Fellow Young Minister,

Merry Christmas! I hope its going well for you on the road. I hear traveling weekly and preaching can get pretty lonely and presents its unique challenges. People are expecting you to show up with the same results everywhere you go, yet each church you’re with has a large variety of differences that show up. Talk about pressure. We know, its only pressure if we let it become so. But, I remember you mentioned how you felt the people expecting you to preach a certain way, because you are an evangelist; which typically means people are going to receive the baptism of the Holy Spirit, be baptized in Jesus name, miracles and healings are going to show up. Despite the expectations of the people, you mentioned you went ahead and followed God’s Spirit and there was demonstration of the Spirit and of power.

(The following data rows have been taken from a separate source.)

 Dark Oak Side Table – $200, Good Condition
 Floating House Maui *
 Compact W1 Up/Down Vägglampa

This letter is not about the definition of demonstration, but I’m thankful for how you said that you focused on just “doing the will of God, and staying in your lane”. That really went a long way with me. I decided to look into the office God has appointed for you, from a biblical perspective, and the subject became bigger than I thought it would be. I have other friends called to the same office and became very intrigued, because while the Spirit and gift is the same, the administrations are different (1 Corinthians 12:1-4).

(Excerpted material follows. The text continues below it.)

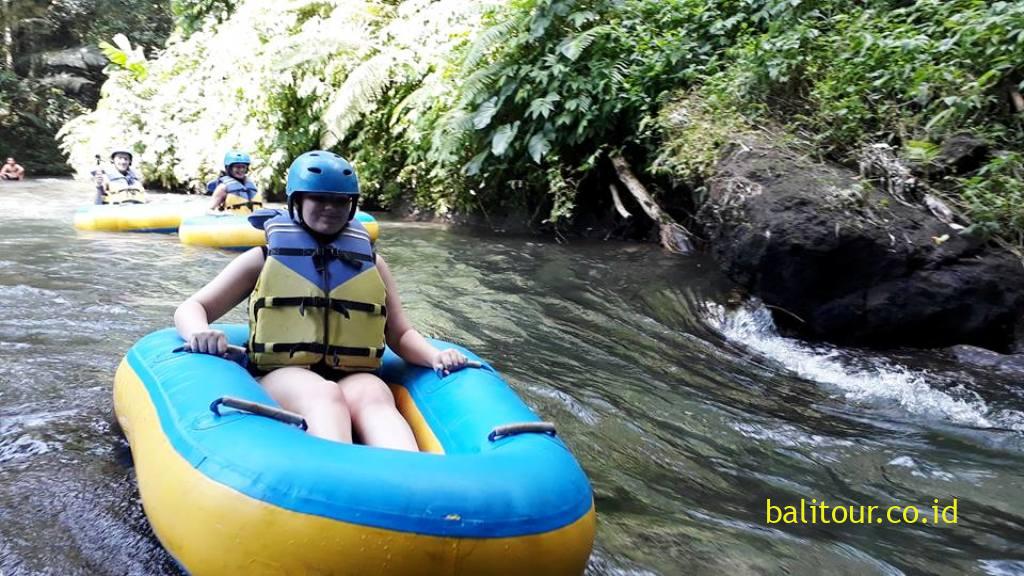 bali river tubing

In Acts 8, Philip, biblically-known as an evangelist, went about Samaria preaching to people who had not heard of Jesus, having miracles and deliverance confirm the preaching (Acts 21:8). Likewise, people were being baptized in the name of Jesus Christ, but no one was receiving the baptism of the Holy Spirit. We don’t hear of Philip getting frustrated over why none were receiving the Spirit, he simply sends word for Jerusalem to send Peter and John. These two apostles show up and Samaritans receive the Spirit. EVERYONE rejoices.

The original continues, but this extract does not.